=== What you will do ===
Your task is to transcribe, word for word, the line containing "A contemporary dining" and all lines that follow it to the end of the entries. Leave out the pictures.

_ _ _ _

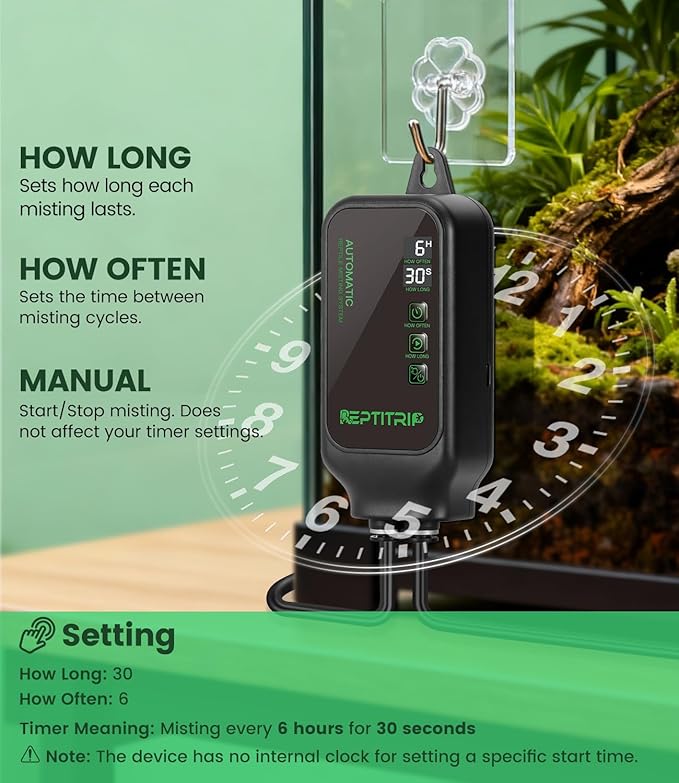 Reptile Mister System with Timer, Reptile Humidifiers Automatic, 360°Adjustable Misting Nozzles, DIY Misting System for Amphibians, and Rainforest Plants - Image 2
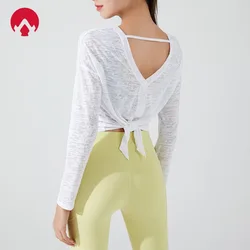 Stown Sportswear Frau Gym 2022 Neue Durchsichtige Yoga Top Weibliche Lange ärmeln Fitness Pilates Bluse Lose Sport Shirts frauen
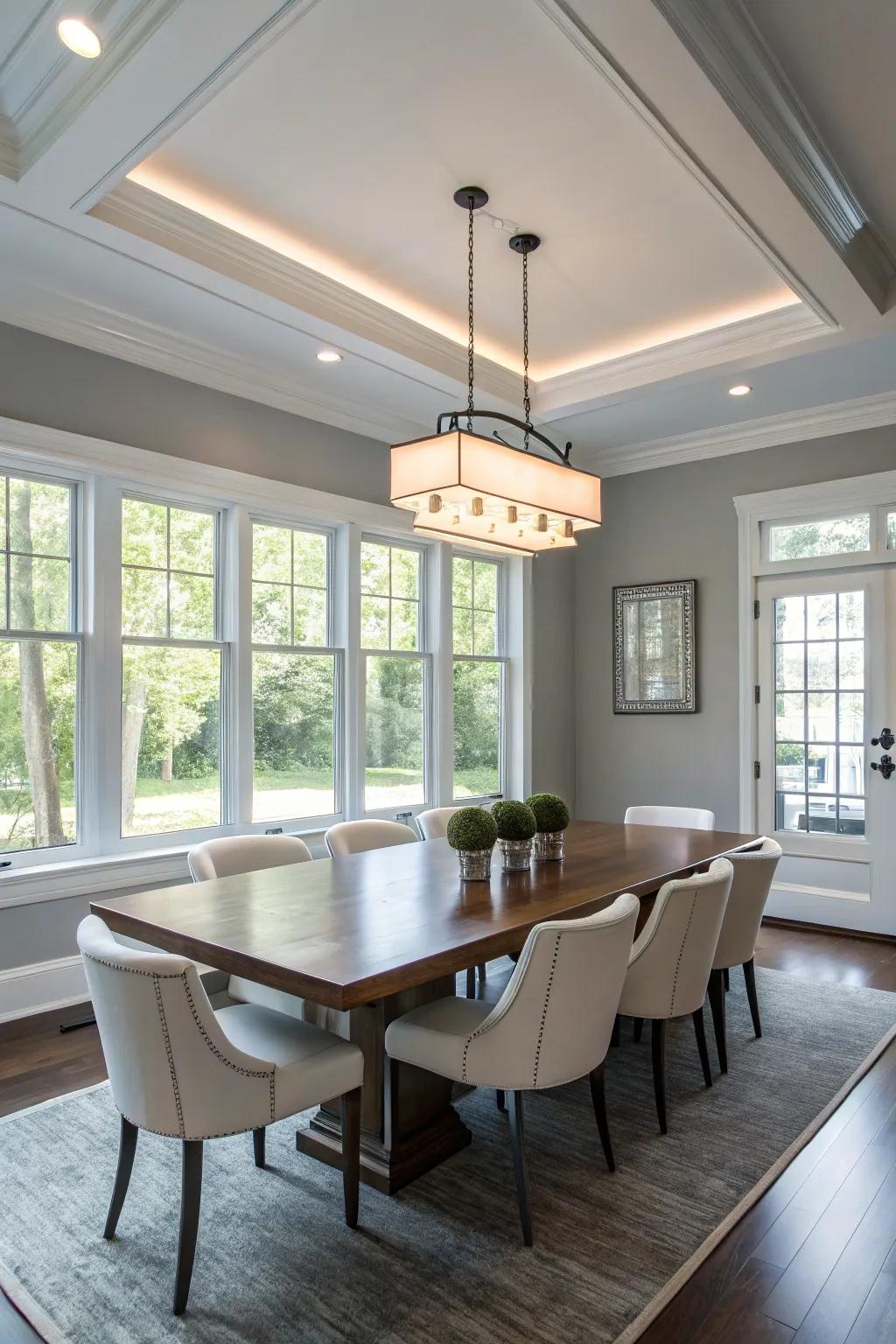 A contemporary dining area showcasing a flush mount ceiling lamp.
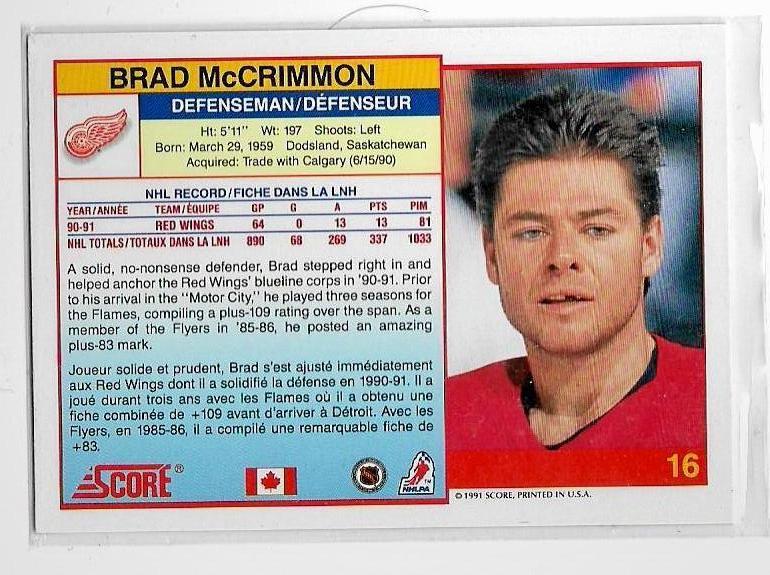 1991-92 Score #16 Brad McCrimmon 1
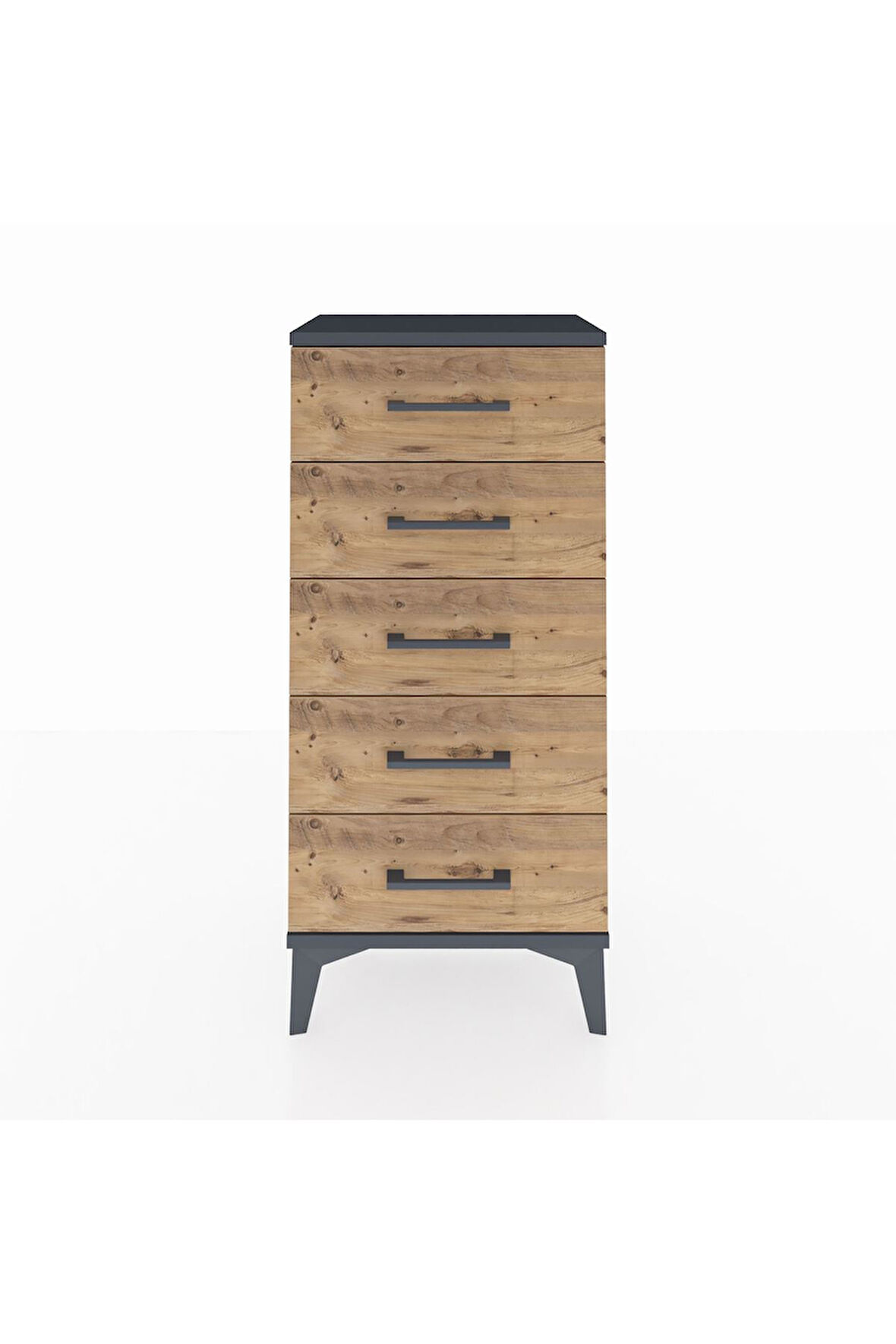 Arges Komodin 5 Çekmeceli 44x30x96 Antrasit-Çam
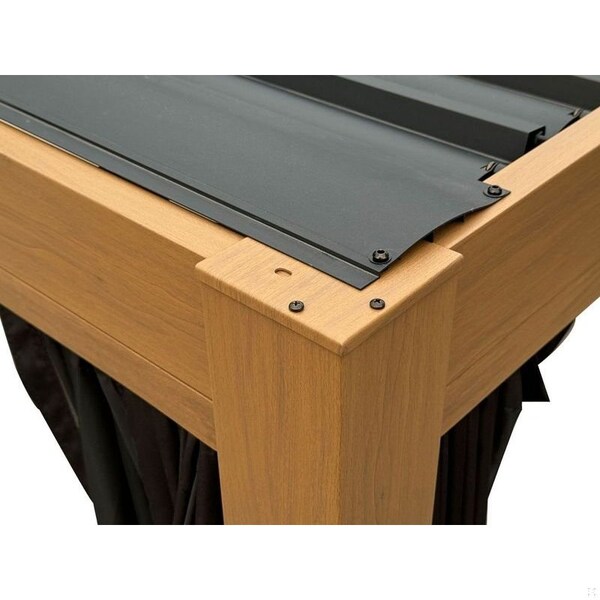 Gazebo Penguin Vikos 10 x10 Aluminum stand alone Pergola Wood finish - With Alum Tracks - PA1010-W118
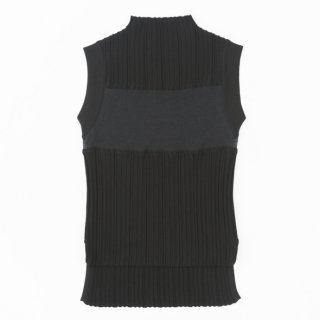Random rib knit tank top<br/>/Black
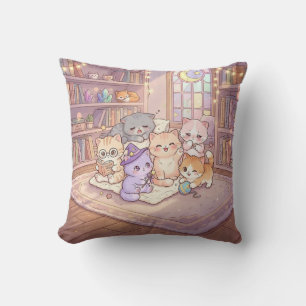 Almohada de amigos de la biblioteca de gatos paste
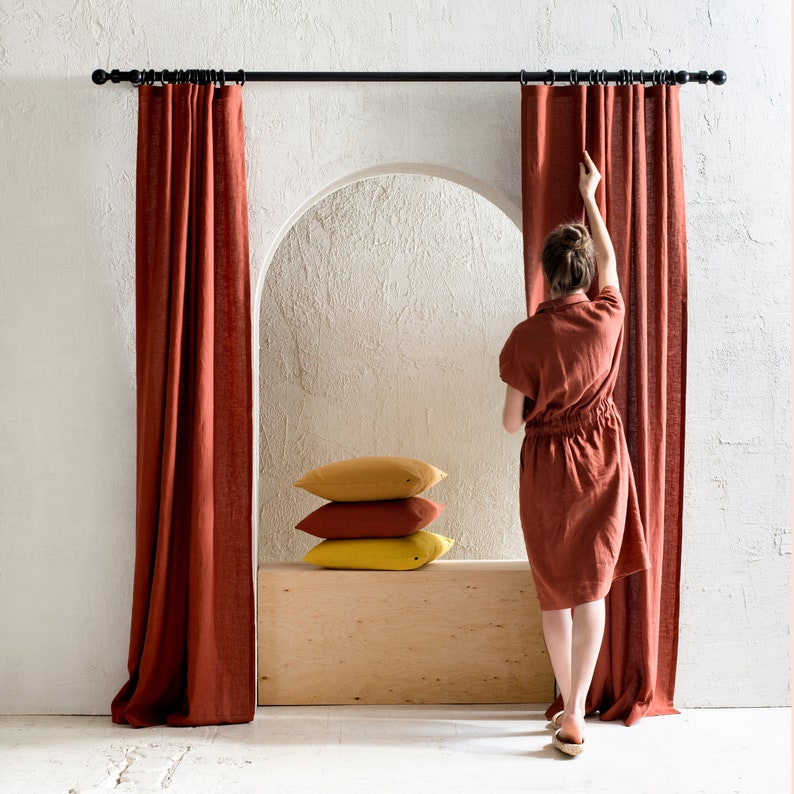 Natural Linen Curtains Blackout Curtains 1 Window Curtain Etsy UK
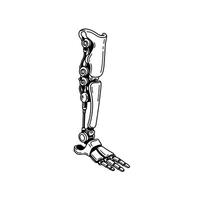 A drawing of a robot foot with a foot vector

_ _ _ _

=== Solution for this task ===
 A contemporary dining area showcasing a flush mount ceiling lamp.
 1991-92 Score #16 Brad McCrimmon 1
 Arges Komodin 5 Çekmeceli 44x30x96 Antrasit-Çam
 Gazebo Penguin Vikos 10 x10 Aluminum stand alone Pergola Wood finish - With Alum Tracks - PA1010-W118
Random rib knit tank top<br/>/Black
 Almohada de amigos de la biblioteca de gatos paste
 Natural Linen Curtains Blackout Curtains 1 Window Curtain Etsy UK
 A drawing of a robot foot with a foot vector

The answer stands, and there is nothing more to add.